Where different parts of an office building are occupied by the same occupier, they are usually treated as a single hereditament if they are contiguous – but as separate hereditaments, if they are not. The question that the Supreme Court had to answer in Woolway (VO) v Mazars LLP [2015] UKSC 53; [2015] PLSCS 240 was whether the ratepayer’s premises on the second and sixth floors of an eight-storey office block should be treated as a single hereditament, or should be rated separately.
A hereditament is usually a self-contained property, containing parts that are all physically accessible without having to step outside the property itself. However, the ratepayer argued that its offices should be rated as a single hereditament because they were functionally interdependent. The Supreme Court disagreed. It explained that business rates are a tax on property, not a tax on businesses, and the fact that one business may occupy two separate heriditaments does not alter the character of the premises themselves.
Lord Sumption explained that the primary test of whether distinct spaces under common occupation form a single hereditament is geographical, and is based on visual or cartographic unity. However, where adjoining houses in a terrace, or vertically contiguous units in an office block, do not intercommunicate and can be accessed only via other property that is not exclusively occupied by the ratepayer (such as a public street or the common parts of a building), this will be a strong indication that the premises are separate hereditaments. On the other hand, properties that are discontiguous, but which are nonetheless geographically linked, such as buildings in a university campus, may constitute one hereditament if the occupation of one part would be pointless without the other.
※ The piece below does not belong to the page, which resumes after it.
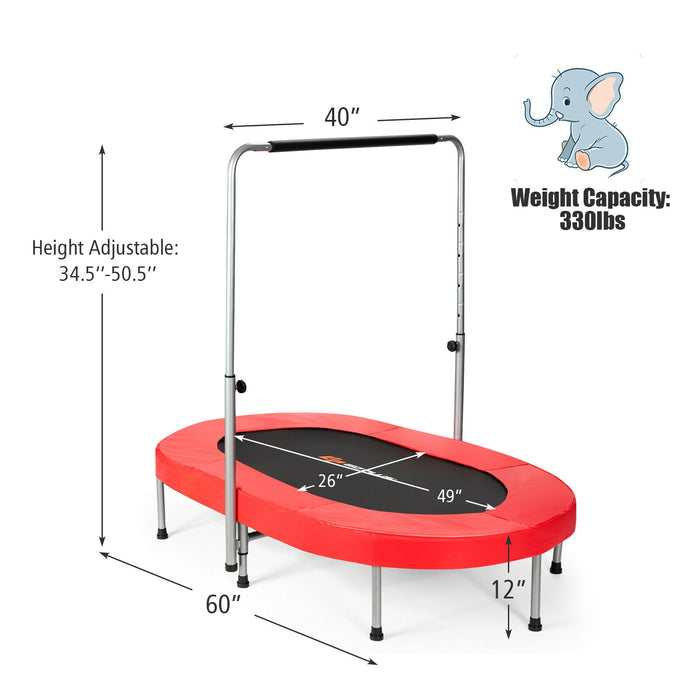 2-Person Foldable Mini Kids Fitness Rebounder Trampoline-Red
Two geographically distinct spaces may constitute a single hereditament where the use of the one is necessary to the effectual enjoyment of the other. This depends not on the business needs of the ratepayer, and the way in which it chooses to use premises, but on the objectively ascertainable character of the premises themselves. Lord Gill explained that this is to be determined by reference to the interdependence of the parts, whilst Lord Neuberger considered that if one property cannot sensibly be occupied or let, except together with other property, then the properties can properly be treated as a single hereditament. For example, a golf course or shipyard divided by a public road might constitute a single hereditament.
The ratepayer’s offices were separate heriditaments. In order to pass between the different floors, the ratepayer had to use the common parts of the building. This was no different, either geographically or functionally, from leaving a building that is exclusively occupied by the ratepayer, crossing land belonging to someone else, and entering another building used by the same occupier.
It is worth adding that Lord Neuberger and Lord Gill also took the view that, absent very unusual facts, two separate but contiguous self-contained floors in the same office building, would also constitute separate heriditaments. However, if such premises ceased to be self-contained, following the construction of an internal staircase, then the two hereditaments would be treated as having been converted into one larger hereditament.